While the Visconti were thus extending their dominion far and wide and creating a sovereignty more powerful than any in Italy, the capital itself was making corresponding strides in wealth and civilisation. The strong and single government, though involving so much cruel sacrifice of rival interests and pride, and carried on by crafty and often iniquitous means, was for the general advantage of the people. The citizens lacked only freedom, and this very lack saved them from the awful faction struggles which hindered the progress of the neighbouring Communes. Under Azzo, Luchino and Giovanni Visconte, the city enjoyed an unexampled length of peace. No hostile banner was seen from the walls, no blood was spilt in fratricidal strife within. The Visconti employed foreign and professional troops in their wars, thus weaning their subjects from the habit of arms, dangerous to a tyrannic supremacy, and sparing them for more profitable work. All classes, noble and plebeian, engaged in commerce and industrial arts, and produced an ever increasing flow of wealth, wherewith these princes were able to pay handsomely for the hired support of their tyranny. Finding no opportunities of sedition or turbulence, the more restless spirits abandoned the city, and, joining the bands of military adventurers which roamed the country, they fought for any prince or community that chose to hire them. The general security of life and property in the Milanese State was assured by the severe and, on the whole, impartial justice of Luchino and his brother, and the wise statutes which they formed aided the development of trade and industry. Safe from depredating troops and robber bands, the fertile territory was brought to high cultivation, and wildernesses, untilled before, now submitted to the husbandman. The engineering art was actively practised in draining and irrigating the country and connecting the city by canals with the great river waterways.
One of the chief sources of Milanese wealth was the breeding of war-horses in the rich and well-watered pastures round the city. At the same time the Milanese merchants were travelling all over England, France and Flanders, buying fine wool, 'with which in this city,' says the fourteenth century chronicler Fiamma, 'very fine and beautiful clothes are woven in great quantities and dyed with every different colour and sent to all parts of Italy.' Silk was also manufactured here after 1314, when the silk-weavers of Lucca, disturbed by the invasions of Uguccione da Faggiuola and of Castruccio, abandoned their city for Milan. The constant wars abroad encouraged the armourer's craft, of which Milan became one of the greatest centres in Europe. With wealth, a love of luxury and the soft pleasures of life grew in the people. Fiamma notes with disapproval the changes in the antique costume, the superfluous embroideries, the gold and silver and pearls, and the broad fringes used in dress, the richness of the meats, and the esteem in which masters of the culinary art were held, things conducive, according to him, of the soul's damnation.
The eldest brother, Matteo, had died in 1355. Weak, injudicious and a glutton, he was only a hindrance to the progress of his House.
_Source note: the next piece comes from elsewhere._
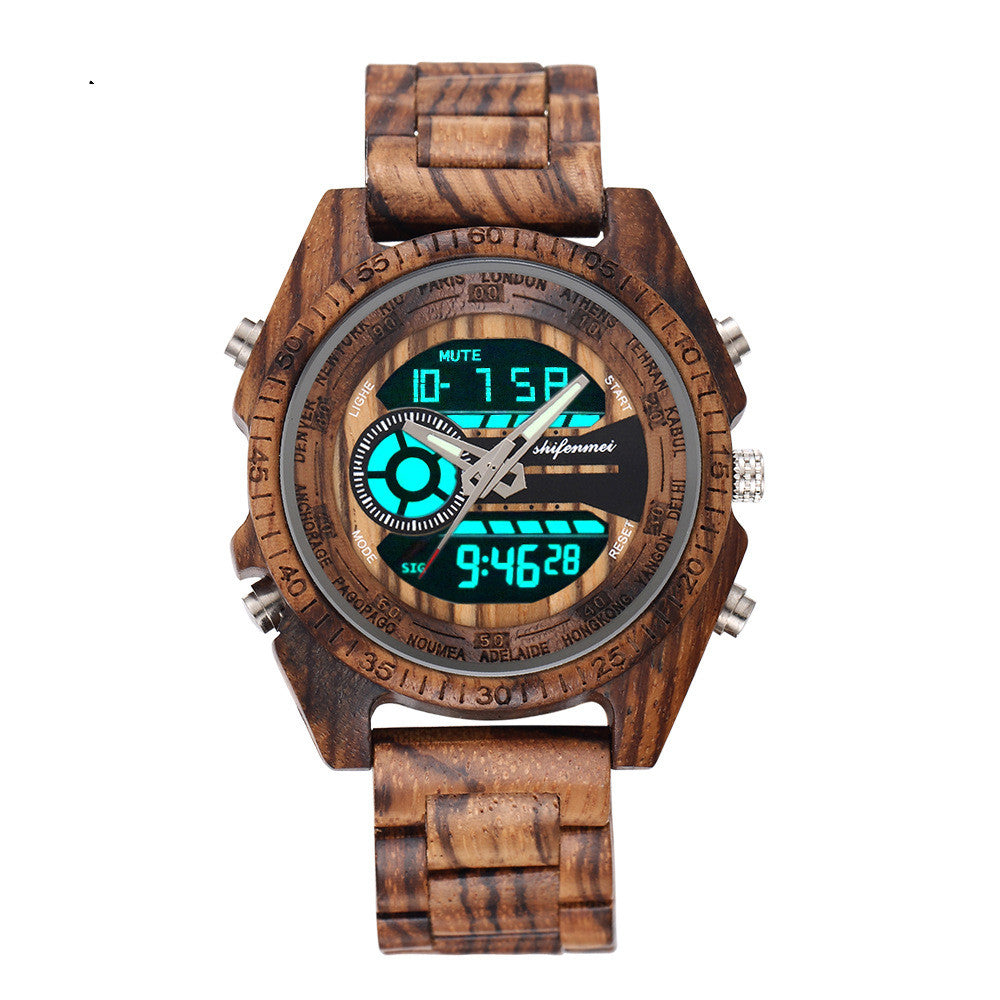 Classic wooden leisure electronic quartz watch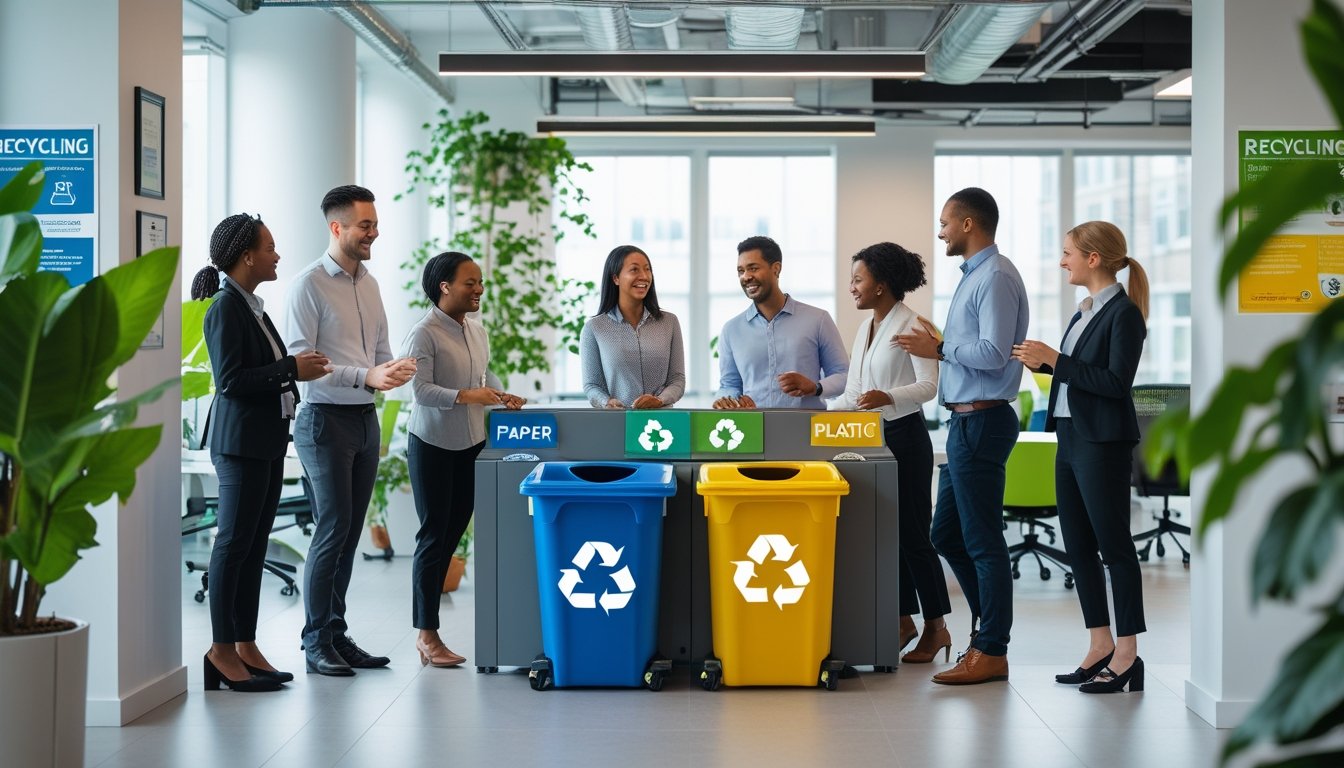 Office workers in a modern UK workplace gathered around recycling bins, discussing recycling initiatives.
General report laid his death to his brothers' charge. Bernab? and Galeazzo made a fresh division of the State, and Milan itself was split up between them. They worked together, however, with a single aim, in spite of mutual hatred and jealousy, to repair the losses of their State. Pavia had set up a free government, headed by the friar, Giacomo de' Bussolari, who, an earlier Savonarola, sought to purge his city from tyranny and sin at once. Steadfastly beset by Galeazzo's army, it had to yield at last to famine and sickness. Further afield Bernab? spent years in a desperate struggle to recover Bologna, under a tempest of papal anathemas, and though baffled himself, he prepared the way for his successor. He was constantly in fierce conflict with the Marquises of Este, whose rebel kinsmen he sheltered while they employed Luchino's disinherited sons against him. Galeazzo on his side had to sustain the assaults of Savoy and Montferrat, which came near to ruining him.
This last marriage was celebrated in 1368, with unexampled magnificence. The bridegroom arrived in Milan accompanied by the Sire le Despencer and a train of two thousand Englishmen. A splendid cavalcade went forth to meet him. First came Galeazzo himself, who was said to be more beautiful in person than any other man in Italy, wearing, as his custom was, a wreath of roses on his flowing golden hair, and attended by his greatest vassals. With him was his wife, Bianca of Savoy, and his daughter-in-law, the young French Isabella, and other noble ladies, followed by eighty damsels apparelled in scarlet, with sleeves of white cloth embroidered with trefoils, and girdles so richly worked that their worth was eighty florins each. Gian Galeazzo, a boy of fifteen, came next, leading a company of knights on steeds caparisoned as if for a joust, and after these followed the officers of State and of the household with their pages, all gorgeously arrayed. At the marriage feast the very meats were gilded, and with each of the sixteen courses splendid gifts were offered to the guests--highly-bred hounds with velvet and silken collars and leashes of silk; falcons with chains of gold and hoods of velvet, and silver buttons enamelled with the Snake; richly ornamented saddles and other horse furniture; suits of armour fashioned by the famous Milanese smiths; brocades of gold and richest silk, silver flagons worked with enamel, silver-gilt basins, mantles and doublets thickly sewn with pearls for the prince, and seventy-six splendid coursers and war-horses, each more generous, beautiful, and gorgeously caparisoned than the one before; and last of all twelve fat oxen. Galeazzo and the bridegroom sat at one table with the noblest of the guests, among whom was Messer Francesco Petrarca the poet, in the most honourable place. At another were placed Regina della Scala and a number of ladies. Such scenes as these are dimly pictured for us in primitive frescoes here and there, in which we see assemblages of ladies in jewelled robes and lofty peaked head-dresses, and gentlemen correspondingly fine stiffly seated at narrow boards, or pacing with slow and stately step through the dance within some spacious pillared hall.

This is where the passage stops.